Swipe Right was… rare.
But one slipped through.
He was normal.
Smiled with his eyes.
Appeared to own real furniture.
So when I got home to Florida, in between unpacking and then immediately repacking to escape the quiet that still felt like a weighted blanket soaked in grief, I kept chatting with him.
And eventually, we met for a drink.
He left the date convinced we were a match. Not just a match, a match to be repeated. He said, “Let’s do this again. And again.”
And I thought, Oh sweetheart… no.
There is no manual for dating diplomacy.

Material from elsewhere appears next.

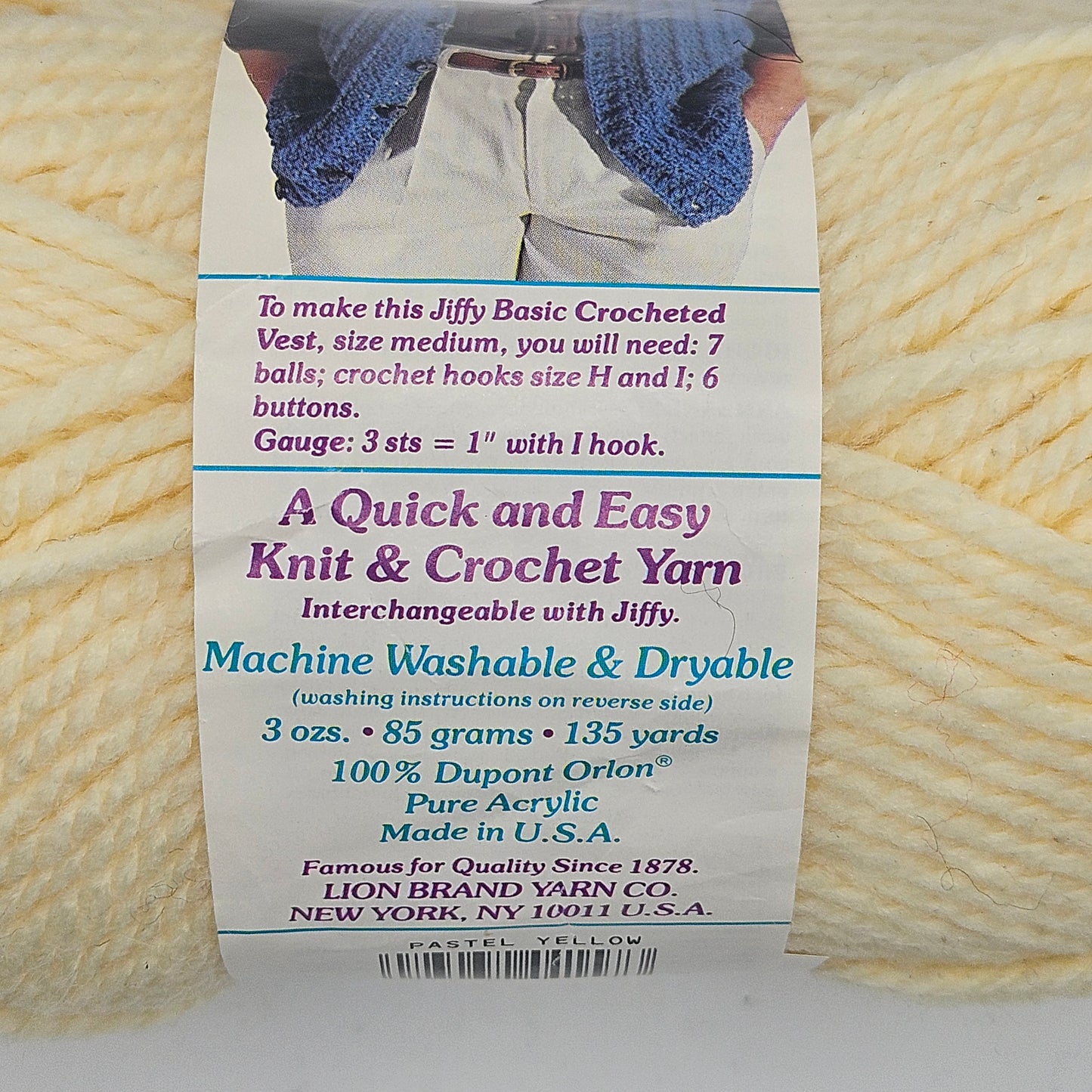 Lion Brand Jiffy Basic Pastel Yellow worsted yarn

No elegant way to say, “I do not feel romantic chemistry, but I genuinely hope wonderful things unfold for you.”
So, I’m back in Florida again.
The quiet is still here, but it doesn’t swallow me whole anymore.
I haven’t found my full rhythm yet, but I’m finding steps.

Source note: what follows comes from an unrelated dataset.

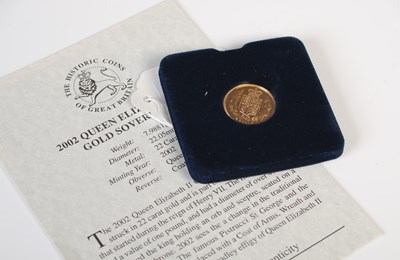 Lot 55 - A 2002 Queen Elizabeth II gold sovereign, with...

I’ve made it to more Pilates classes.
I’m still swiping mostly left, with a few rights.
And I’ve thrown myself back into work, partly because I love leading and building… and partly because spreadsheets do not trigger emotions.
I’m not “healed.”
I’m not “reborn.”
I’m not waking up journaling affirmations while doing sunrise breathwork on a balcony.
I’m just taking small steps.
Trying things.
Meeting people.
Opening the window a little at a time.
I think Sadie would be proud of that.
Proud of me choosing forward, even when it’s messy.
Proud of the love I still carry.
Proud of the woman learning to live in her own quiet.
So for now, I’m stepping into the next chapter, not gracefully, more like a baby giraffe on a tile floor, but forward is forward.